Prof. Dr. Aycan ise engellilerin iş hayatına katılımını teşvik etmek amacıyla yapılan bu eğitimler sonucunda yönetici ve çalışanların engelli istihdamı konusundaki görüş ve tutumlarının olumlu yönde değiştiğini söylüyor. Aycan, “Önyargıların arkasında bilgi eksikliği var. Genellikle işyerleri doğuştan engelli olanlara daha sempatik bakıyor ama trafik kazası gibi nedenlerle sonradan engelli olanlara, acaba alkollü müydü, dikkatsiz miydi gibi bir gözle daha önyargılı bakıyorlar. Maliyetli olduğu düşünülüyor ama örneğin bir görmezi işe almak için sadece ekran okuma büyütme yazılımı alıyorsunuz, onun da maliyeti çok düşük. İşyerleri yüzde 3 kotayı doldurmak için işe alıyor ama işe gelmesin isteniyor, ayda bir maaşını alsın isteniyor, bu bizim istediğimiz bir şey değil. Önemli olan onların topluma entegre olması, hayata katılması ve kuruma faydalı olması.”

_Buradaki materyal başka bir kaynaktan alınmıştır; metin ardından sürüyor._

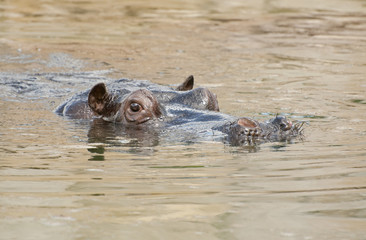 Hippopotamus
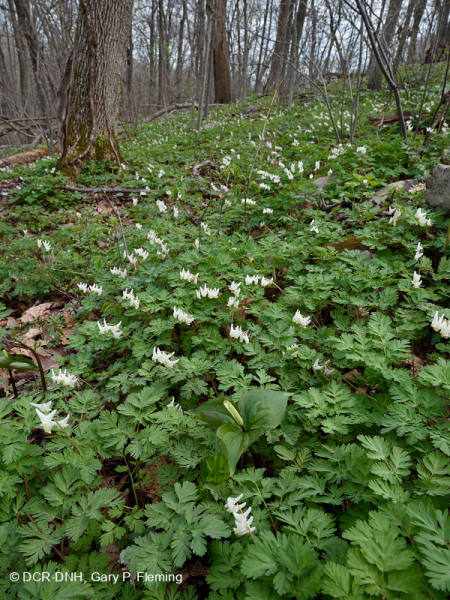 Rừng Appalachian Rich Cove (Cây hoa tulip - Loại gỗ cứng hỗn hợp) – CEGL007710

Eğitim ve ulaşılabilirlik en büyük engeller

Türkiye Sakatlar Derneği Başkanı Şükrü Boyraz, engellilerin iş yaşamına katılması ile ilgili olarak en büyük engellerin eğitim ve erişilebilirlik/ulaşılabilirlik olanakları olduğunu söylüyor. Engellilerin aldığı eğitim ve yaptığı işle eşdeğer olarak ayrımcılığa uğramadan, aynı hakları vererek çalıştırılmaları gerektiğini belirtiyor: “Devletin engelliyi birilerinin sadakasına muhtaç etmemesi lazım, onurlu bir şekilde eğitimine, istihdamına ve yaşam mücadelesine olanak sağlamalıdır. Farklı bir şey istemiyor, toplum nasıl yaşıyorsa öyle yaşamak istiyoruz sadece. Engelliler birilerinin sızlayan vicdanı haline getirilmemeli.” Boyraz, sorunun çözümü için devletin konuyla ilgili sivil toplum kuruluşlarıyla bir araya gelerek sistemi yeniden tasarlamasını öneriyor.